Jam istirahat selesai, Mira langsung keluar duluan karena pusing. Naya jalan sendiri kembali ke kelas sambil teringat ucapan Mira tentang cara menjawab soal. Ah, Naya bukan tipe yang melewatkan satu soal pun, ia akan jawab semua soal dengan cara yang ia tahu dan beruntungnya selalu benar. Naya mengeluh karena selama ini, ia memang tidak pernah mau cari tahu jawaban dari perasaanya pada Juna tapi ia juga setuju dengan kalimat lebih baik jawaban salah daripada tidak terjawab sama sekali. Naya kesal harus memikirkan ini, maksudnya ia mau cari tahu bagaimana? sekarang aja Juna sudah menjauh, menjauh tanpa sebab. Terus ia harus cari tahu kenapa Juna menjauh? Ah, kayanya Naya juga sudah terlalu banyak berusaha selama ini, ia selalu berusaha baik-baik saja saat Juna selalu memperlakukannya tidak baik, mungkin Juna yang memang tidak menyukainya, Ah, tapi kan itu mungkin, belum tentu juga begitu tapi bukannya kalau Juna mau pasti akan sama-sama berusaha yah? Kalau Naya saja yang berusaha berarti--
Tetiba suasana kelas yang tadinya ramai menjadi sunyi saat Naya duduk menaruh buku.
"Naya?"
"Iya Git," ucap Naya noleh dan langsung kaget saat ternyata bukan Gita, lebih tepatnya ia langsung sangat kaget begitu melihat ke sekelilingnya, ternyata KELAS TIGA D!!!!

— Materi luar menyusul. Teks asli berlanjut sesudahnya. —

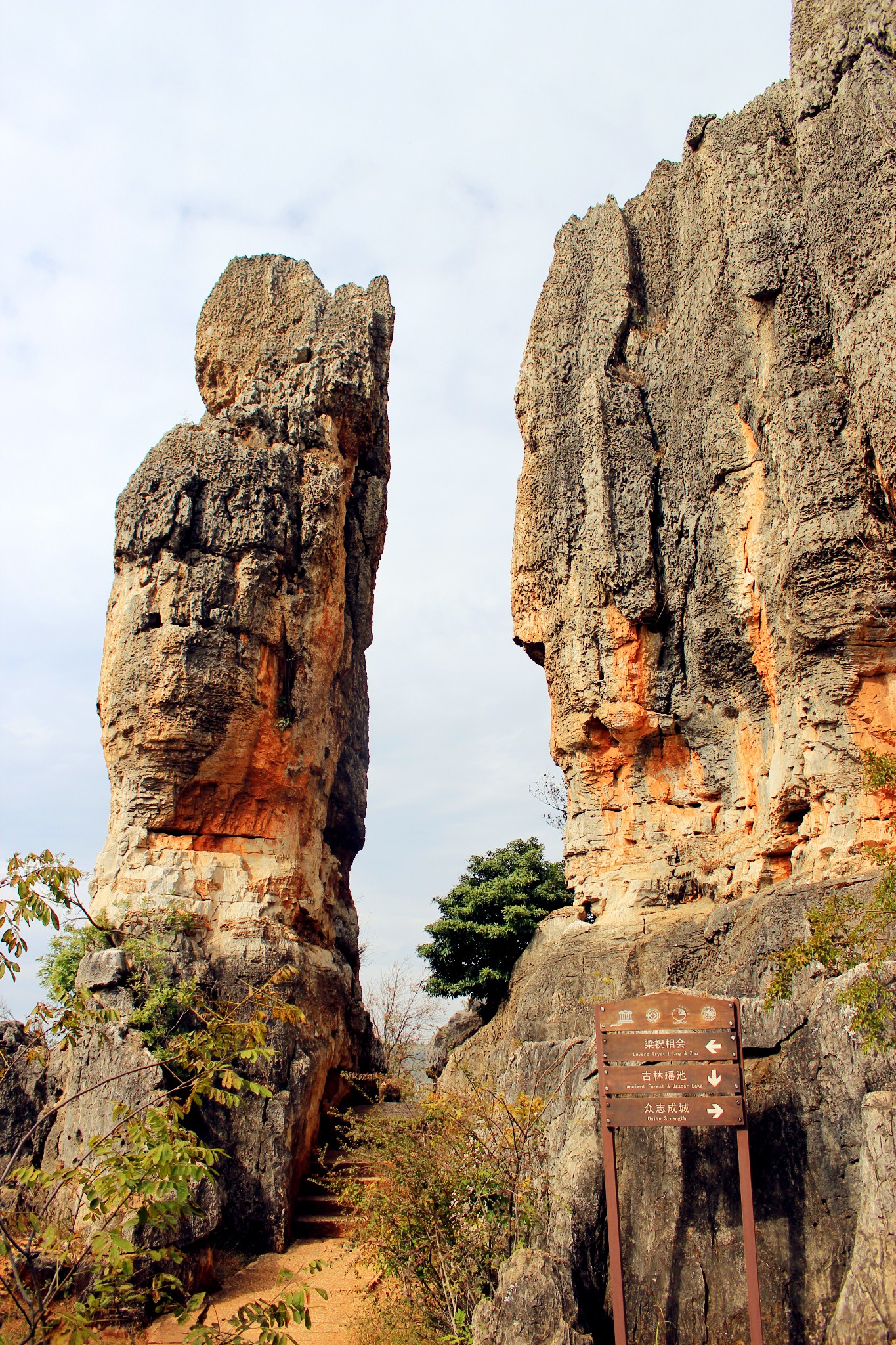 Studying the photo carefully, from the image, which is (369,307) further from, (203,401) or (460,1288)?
(460,1288)

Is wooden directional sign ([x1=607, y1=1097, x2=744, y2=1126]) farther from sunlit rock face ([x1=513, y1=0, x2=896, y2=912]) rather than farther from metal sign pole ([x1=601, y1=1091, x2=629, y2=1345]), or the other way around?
sunlit rock face ([x1=513, y1=0, x2=896, y2=912])

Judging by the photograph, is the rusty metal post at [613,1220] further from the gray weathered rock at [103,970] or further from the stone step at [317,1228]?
the gray weathered rock at [103,970]

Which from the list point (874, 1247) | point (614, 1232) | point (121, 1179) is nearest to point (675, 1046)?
point (614, 1232)

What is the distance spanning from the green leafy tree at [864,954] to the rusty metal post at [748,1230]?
103cm

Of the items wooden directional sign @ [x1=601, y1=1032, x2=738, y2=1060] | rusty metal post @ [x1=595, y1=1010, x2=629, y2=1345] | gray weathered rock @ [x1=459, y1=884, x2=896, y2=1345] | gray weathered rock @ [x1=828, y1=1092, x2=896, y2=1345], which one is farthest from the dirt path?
gray weathered rock @ [x1=828, y1=1092, x2=896, y2=1345]

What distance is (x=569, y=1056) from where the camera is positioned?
1071cm

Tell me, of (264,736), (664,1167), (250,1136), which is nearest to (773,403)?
(264,736)

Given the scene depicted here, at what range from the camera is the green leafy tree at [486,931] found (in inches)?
733

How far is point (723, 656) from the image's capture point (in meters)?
17.0

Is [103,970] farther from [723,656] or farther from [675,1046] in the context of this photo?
[723,656]

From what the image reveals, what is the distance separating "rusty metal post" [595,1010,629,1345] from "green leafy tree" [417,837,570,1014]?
1039 centimetres

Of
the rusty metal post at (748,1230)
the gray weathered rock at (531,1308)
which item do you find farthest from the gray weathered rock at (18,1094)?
the rusty metal post at (748,1230)

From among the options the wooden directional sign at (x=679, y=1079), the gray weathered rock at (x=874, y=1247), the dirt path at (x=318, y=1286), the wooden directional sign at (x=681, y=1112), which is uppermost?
the wooden directional sign at (x=679, y=1079)

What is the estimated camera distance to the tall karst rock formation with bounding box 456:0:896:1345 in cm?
825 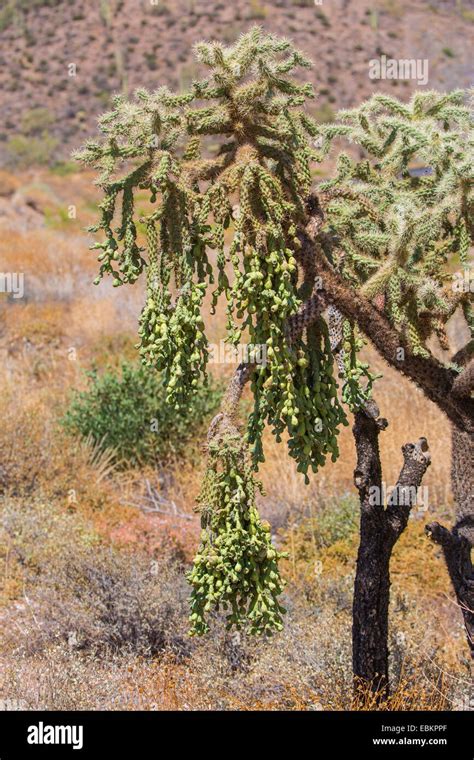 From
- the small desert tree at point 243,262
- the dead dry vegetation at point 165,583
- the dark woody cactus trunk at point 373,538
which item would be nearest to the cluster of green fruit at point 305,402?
the small desert tree at point 243,262

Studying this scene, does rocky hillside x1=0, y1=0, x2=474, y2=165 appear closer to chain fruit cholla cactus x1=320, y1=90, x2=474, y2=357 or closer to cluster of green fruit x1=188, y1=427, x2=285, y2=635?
chain fruit cholla cactus x1=320, y1=90, x2=474, y2=357

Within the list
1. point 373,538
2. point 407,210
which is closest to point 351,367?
point 407,210

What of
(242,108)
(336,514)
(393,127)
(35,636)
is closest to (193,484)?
(336,514)

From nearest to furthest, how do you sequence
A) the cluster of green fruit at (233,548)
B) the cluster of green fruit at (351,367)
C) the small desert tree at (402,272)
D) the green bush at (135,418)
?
the cluster of green fruit at (233,548) < the cluster of green fruit at (351,367) < the small desert tree at (402,272) < the green bush at (135,418)

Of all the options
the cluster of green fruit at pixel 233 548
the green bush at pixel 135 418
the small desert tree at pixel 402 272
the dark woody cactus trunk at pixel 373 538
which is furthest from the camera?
the green bush at pixel 135 418

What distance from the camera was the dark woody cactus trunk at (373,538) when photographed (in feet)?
11.1

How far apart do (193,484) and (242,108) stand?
4.45m

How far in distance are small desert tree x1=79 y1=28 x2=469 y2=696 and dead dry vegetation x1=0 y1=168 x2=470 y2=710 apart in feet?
4.52

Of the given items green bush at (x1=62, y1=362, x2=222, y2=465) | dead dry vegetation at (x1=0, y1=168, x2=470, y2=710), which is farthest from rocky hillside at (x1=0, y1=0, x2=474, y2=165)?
dead dry vegetation at (x1=0, y1=168, x2=470, y2=710)

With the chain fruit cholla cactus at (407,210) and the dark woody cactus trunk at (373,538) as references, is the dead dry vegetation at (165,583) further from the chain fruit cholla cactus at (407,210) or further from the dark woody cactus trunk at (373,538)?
the chain fruit cholla cactus at (407,210)

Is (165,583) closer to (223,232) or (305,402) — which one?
(305,402)

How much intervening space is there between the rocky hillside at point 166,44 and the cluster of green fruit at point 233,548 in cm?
3494

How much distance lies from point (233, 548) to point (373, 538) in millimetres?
1077

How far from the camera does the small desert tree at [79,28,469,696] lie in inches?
94.9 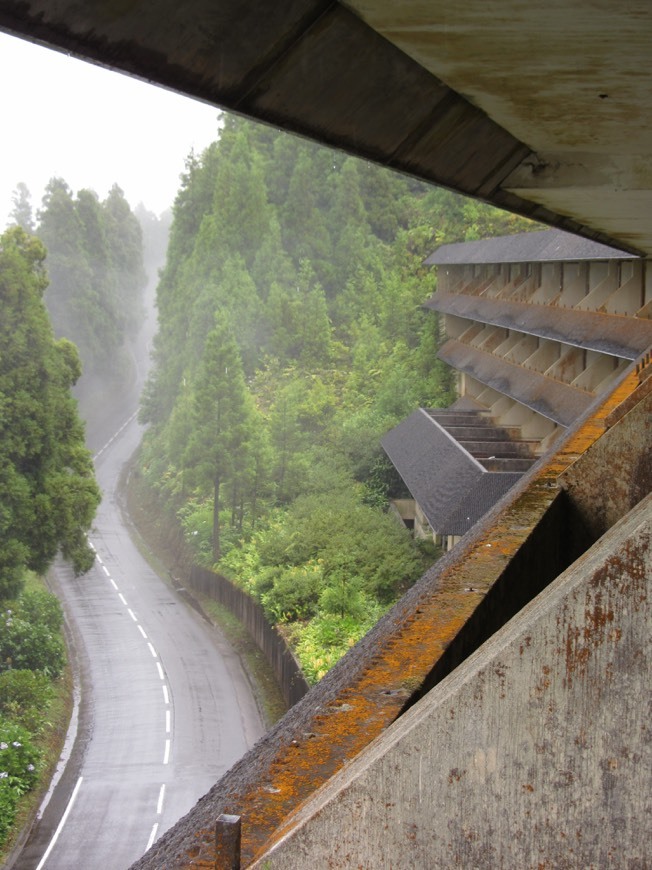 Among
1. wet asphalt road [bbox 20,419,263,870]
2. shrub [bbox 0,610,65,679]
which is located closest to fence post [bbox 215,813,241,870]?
wet asphalt road [bbox 20,419,263,870]

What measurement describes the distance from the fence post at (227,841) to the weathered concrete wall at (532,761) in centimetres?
8

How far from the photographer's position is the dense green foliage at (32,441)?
836 inches

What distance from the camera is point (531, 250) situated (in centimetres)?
2419

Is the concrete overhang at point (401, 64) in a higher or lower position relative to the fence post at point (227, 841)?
higher

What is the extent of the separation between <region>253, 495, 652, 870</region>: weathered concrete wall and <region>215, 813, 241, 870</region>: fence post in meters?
0.08

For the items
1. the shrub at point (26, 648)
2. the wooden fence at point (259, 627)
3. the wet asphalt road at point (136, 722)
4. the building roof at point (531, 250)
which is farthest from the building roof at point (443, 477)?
the shrub at point (26, 648)

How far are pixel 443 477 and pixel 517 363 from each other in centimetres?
650

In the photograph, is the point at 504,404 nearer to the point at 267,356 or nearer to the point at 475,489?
the point at 475,489

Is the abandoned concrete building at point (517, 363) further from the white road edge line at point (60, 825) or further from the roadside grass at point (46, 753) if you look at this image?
the roadside grass at point (46, 753)

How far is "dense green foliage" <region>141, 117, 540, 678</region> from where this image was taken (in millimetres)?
23953

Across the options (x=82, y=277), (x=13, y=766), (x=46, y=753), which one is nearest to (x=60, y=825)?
(x=13, y=766)

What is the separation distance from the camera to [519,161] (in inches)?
212

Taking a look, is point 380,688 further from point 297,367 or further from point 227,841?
point 297,367

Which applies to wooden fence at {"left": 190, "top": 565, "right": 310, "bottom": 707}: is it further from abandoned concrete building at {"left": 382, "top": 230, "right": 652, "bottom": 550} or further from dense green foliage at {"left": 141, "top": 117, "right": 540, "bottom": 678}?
abandoned concrete building at {"left": 382, "top": 230, "right": 652, "bottom": 550} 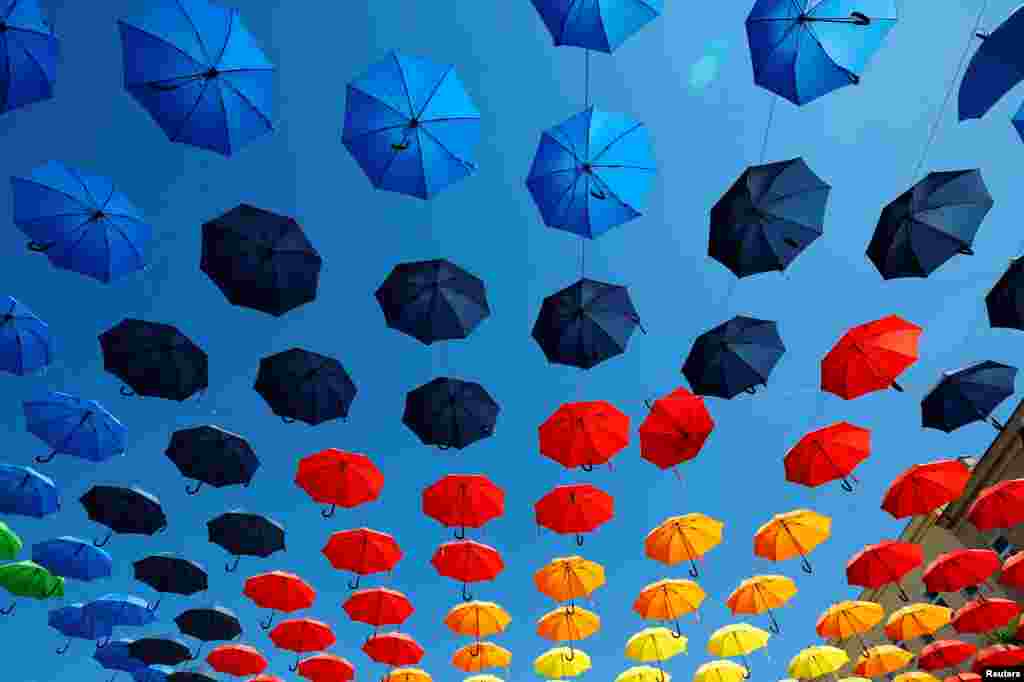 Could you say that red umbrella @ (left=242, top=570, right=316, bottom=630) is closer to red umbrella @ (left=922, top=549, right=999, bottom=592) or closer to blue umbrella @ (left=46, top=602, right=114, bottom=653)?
blue umbrella @ (left=46, top=602, right=114, bottom=653)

Juna menghampiri, "Ngapain Nay?"
Teman-teman Juna juga langsung datang dan ramai meledek Naya yang pasti mau ketemu Juna. Juna kesal menghentikan bercandaan itu.
Naya beranjak bangun, "Am, gu, gue kira ini kelas gue, dah!!"
Naya langsung lari pergi.
"Eh, Nay!!" panggil Juna karena buku Naya ketinggalan tapi Naya tidak respon makanya Juna langsung bawa buku itu dan pergi mengejar.
Teman-teman Juna mulai ramai lagi sambil nyanyi, "kisah kasih disekolah dengan si dia tiada masa paling indah--"
Tomi langsung sambung, "Tepung beras rosebrand."
Sementara Naya semakin kesal pada dirinya sendiri karena semakin tidak jelas, bukannya ke kelas, malah lari turun tangga. Tapi mungkin itu karena ia sedang degdegan dan gugup pada Juna yang memanggil dan mengejarnya. Maksud Naya, mau ngapain sih, ia sedang malu banget.